The great-aunt of course is also a displaced person, who had left Finland first for America and later for Russia. In her last letter (1939), disillusioned by events, she is coming to the conclusion that "people who spend their whole lives in one place are the happiest". Maybe, but it's the displaced who often observe the most clearly and write the most memorably.
Her collection Finns and Amazons (Arrowhead Press 2012) provides, in its organisation, a fascinating example of how, in writing, one chance stimulus tends to interact with others and lead in all sorts of unexpected directions. She sees an exhibtion of early 20th-century Russian women artists; at first no poems emerge but later an encounter with a portrait by Sonia Delaunay, another Russian woman artist of the same period throws up a connection with Finland, and leads the poet back in time to her antecedents, particularly the story of a Finnish great-aunt whose personality comes over strongly but whose fate is shadowy.
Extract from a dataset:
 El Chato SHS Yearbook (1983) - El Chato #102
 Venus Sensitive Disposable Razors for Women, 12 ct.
In the book's first section, which concerns the women artists, the most striking, for me, are the first three, centring on the displaced Sonia in Paris, looking at tapestries in the Musée de Cluny and letting her memories remake them:
       I thread myself into the panels,
       unpick the unicorn, stitch in the elk
       I saw in Karelia
             ("Sonia Visits Le Musée De Cluny)
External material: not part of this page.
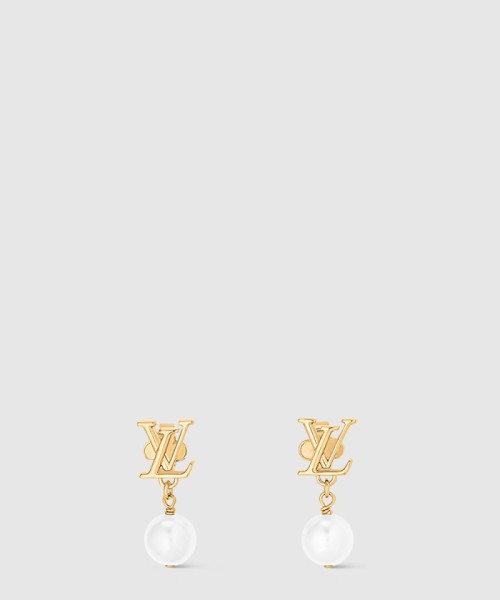 [LOUIS VUITTON-루이비통]아이코닉 루이자 귀걸이 M01585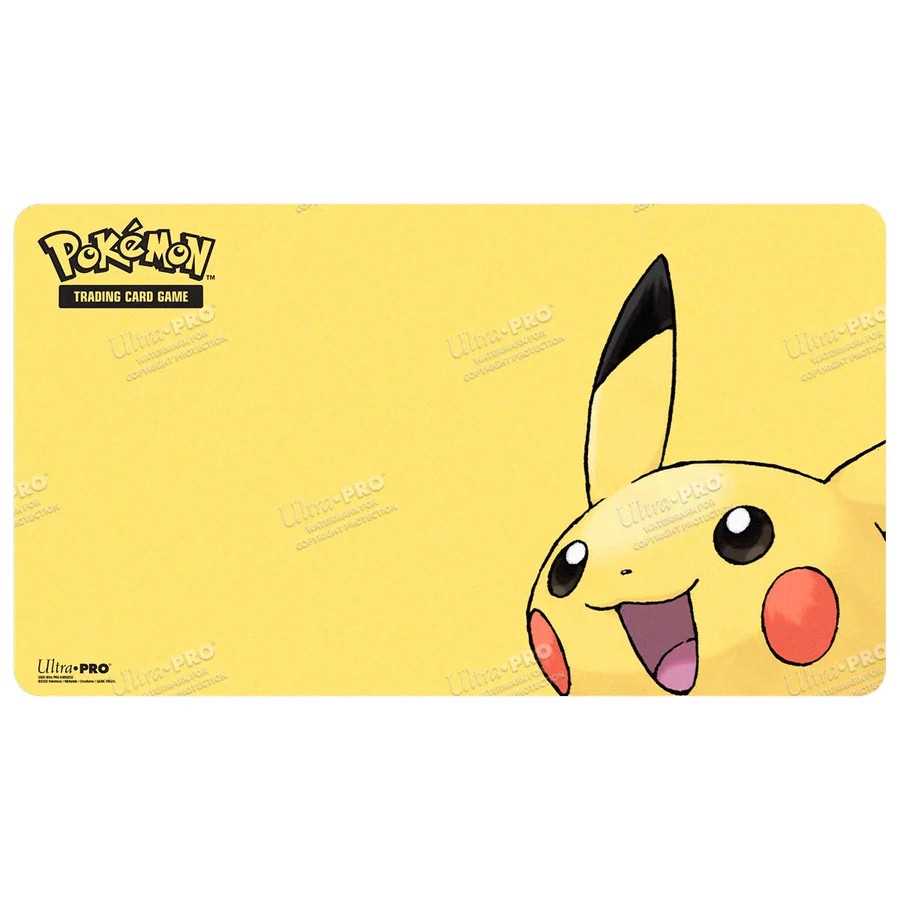 Pokémon Pikachu Playmat 1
The first poem, "Simultaneity 1", does something I wouldn't have thought would work, repeatedly using single-word lines and white space to slow down the tempo and point up a crucial moment. It does work, especially when read aloud, though I'd have to quote much of the poem to prove it.
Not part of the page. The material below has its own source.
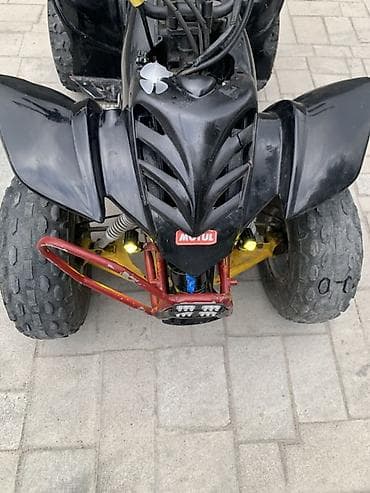 квадрацикл в аренду: Yamaha. Квадроцикл на ходу без вложения Есть згу доп фара и — 7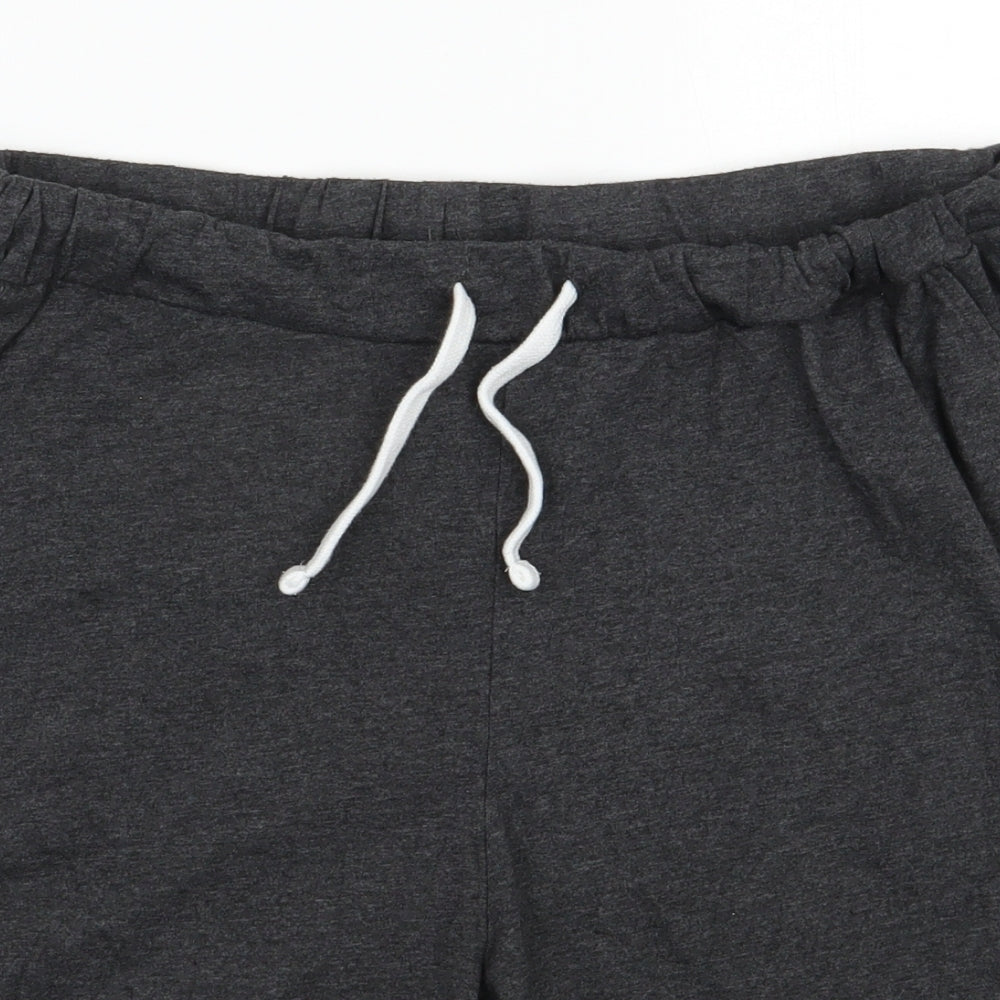 Studio Retail ltd Mens Grey  Cotton  Pyjama Pants Size L  Drawstring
In the other three sections of the poem, we are on the track of elusive family ghosts: a great-aunt who vanished in Soviet Karelia, a grandmother whose pseudonymous newspaper articles are tantalisingly present but unfindable in an unindexed archive, a language yielding only grudgingly to translation (Finnish doesn't even belong to the Indo-European language group and has precious little in common with most European languages). Fittingly, the section on "loss" begins with "What Can Be Translated":
       A door is not a tree though both are wood
The lost great-aunt is present through letters, some of which are both reproduced in the book and transmuted into poems. Letters are a means of communication, but these, while on the one hand showing much of her sturdy, slightly awkward personality, are also tantalisingly self-censored (it not being politic, in Stalinist Russia, to write just what one was thinking) and incomplete in that the other half of the correspondence is missing. Again the message is unknowability, the impossibility of translation which in no way diminishes the urge to try.
The great-aunt of course is also a displaced person, who had left Finland first for America and later for Russia. In her last letter (1939), disillusioned by events, she is coming to the conclusion that "people who spend their whole lives in one place are the happiest". Maybe, but it's the displaced who often observe the most clearly and write the most memorably.